Sec. 36b-31-1. Reserved

Sec. 36b-31-2. Authority

Sections 36b-31-2 to 36b-31-33, inclusive, comprise the regulations adopted by the commissioner pursuant to chapter 672a of the general statutes, “The Connecticut Uniform Securities Act”.

(Effective July 3, 1995)

Sec. 36b-31-3. Definitions

(a) As used in sections 36b-31-2 to 36b-31-33, inclusive, of the regulations, “Act” means chapter 672a of the general statutes, The Connecticut Uniform Securities Act.

(b) In implementing section 36b-3(2)(C) of the general statutes “any person in this state” refers only to existing employees, partners or directors of the issuer and “issuer” includes any wholly-owned subsidiary of the issuer.

(c) In implementing section 36b-3(3) of the general statutes, no person shall be deemed a “broker-dealer” solely because such person, within or from this state, makes a tender offer to acquire for his own account of which he is the sole direct or indirect beneficial owner, equity securities of a target company as defined in section 36b41(1) of the general statutes.

(d) (1) As used in this subsection, (A) “entity” means a corporation, partnership, association, unincorporated organization, joint stock company, trust, or limited liability company, and (B) “related” means controlling, controlled by, or under common control with, or standing in the relationship of employer or employee with respect to, another person.

(2) In implementing section 36b-3(6)(G)(ii) of the general statutes, the following shall be deemed a single client: (A) A husband and wife; (B) a child and the child’s parent or guardian when the parent or guardian holds securities or seeks investment advice on behalf of the child; and (C) an entity which was not formed exclusively for the purpose of establishing an advisory relationship with the investment adviser, which maintains operations separate and distinct from those of the investment adviser, and which receives investment advice based on its investment objectives rather than the individual investment objectives of its shareholders, partners or beneficial owners.
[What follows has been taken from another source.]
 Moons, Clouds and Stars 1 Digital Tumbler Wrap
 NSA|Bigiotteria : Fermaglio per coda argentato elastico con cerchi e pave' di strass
(3) In implementing section 36b-3(6)(G)(ii) of the general statutes, a shareholder, partner or beneficial owner of an entity shall be deemed a single client to the extent that he is, separate and apart from his status as a shareholder, partner or beneficial owner, an investment advisory client of the investment adviser or a related person of the investment adviser.

(4) In implementing section 36b-3(6)(G)(ii) of the general statutes, a limited partner shall be deemed a single client of a general partner or other person acting as investment adviser to the partnership if the limited partner receives from such person or from a person related to such person (A) investment advisory services of a nature such that the person providing the services would be an investment adviser as defined in section 36b-3(6) of the general statutes or (B) investment advice to transfer the limited partner’s assets from one limited partnership to another. A limited partner shall not be deemed a single client solely because the provider of investment advisory services offers, promotes, or sells interests in the limited partnership to the limited partner or reports periodically to the limited partners as a group solely with respect to the performance of, or the plans for, partnership assets or similar matters.

(Effective July 3, 1995)

Sec. 36b-31-4. Reserved

Sec. 36b-31-5a. Advertisementsbyinvestment advisers

(a) As used in this section “advertisement” includes, but is not limited to, any notice, circular, letter or other written communication addressed to more than one person, or any notice or other announcement in any publication or by radio or television, which offers (1) any analysis, report or publication concerning securities, or which is to be used in making any determination as to when to buy or sell any security, or which security to buy or sell; (2) any graph, chart, formula or other device to be used in making any determination as to who should buy or sell any security, or which security to buy or sell; or (3) any other investment advisory service with regard to securities.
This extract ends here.